Penggeser yang digunakan dalam cetakan juga dapat menyebabkan pergeseran garis perpisahan. Hal ini karena gaya kunci mekanis yang diterapkan selama proses pengecoran menyebabkan penggeser tetap pada tempatnya. Situasi ini lebih sering terjadi pada cetakan unit.

Cobalah Untuk Menghindari Sebisa Mungkin

Perancang harus berusaha menyelaraskan fitur geometris ini sejajar dengan arah pelontaran cetakan, atau mendesain ulang bagian tersebut untuk menghilangkan kebutuhan akan inti/slide. Contoh berikut menunjukkan cara mendesain ulang komponen untuk menghilangkan kebutuhan inti samping.
Namun, dalam beberapa kasus, Anda harus memasukkan inti/slide untuk mentransmisikan fitur tanpa memerlukan pemrosesan lebih lanjut. Anda dapat merancang slide inti atau batang penarik untuk menghilangkan kebutuhan sebagian besar (jika tidak semua) operasi pemrosesan sekunder.

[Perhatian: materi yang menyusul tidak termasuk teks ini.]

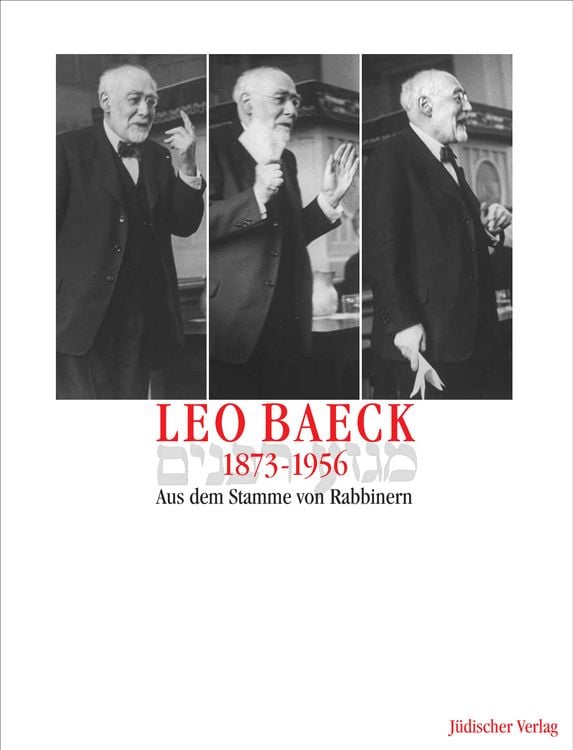 Produktbild: Leo Baeck 1873&ndash;1956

Oleh karena itu, kesulitan yang disebabkan oleh peningkatan biaya cetakan awal dan siklus pengecoran yang berkepanjangan dapat diatasi dengan mengurangi jumlah langkah pemrosesan sekunder. Hasilnya, kemampuan pengulangan suku cadang telah ditingkatkan secara signifikan.

Mekanisme Kerja

Mekanisme penarik inti samping dan pergerakan penggeser biasanya digerakkan oleh pin miring atau silinder hidrolik. Pin miring adalah perangkat mekanis yang digunakan untuk gerakan penarik/penggeser inti. Urutan pembukaan dan penutupan cetakan utama dapat mengaktifkan pin miring.

Oleh karena itu, pin miring dapat digunakan tanpa sumber listrik tambahan. Biaya produksi juga lebih rendah. Namun, pin miring dapat mengganggu pembongkaran coran, dan hanya cocok untuk slide yang lebih pendek.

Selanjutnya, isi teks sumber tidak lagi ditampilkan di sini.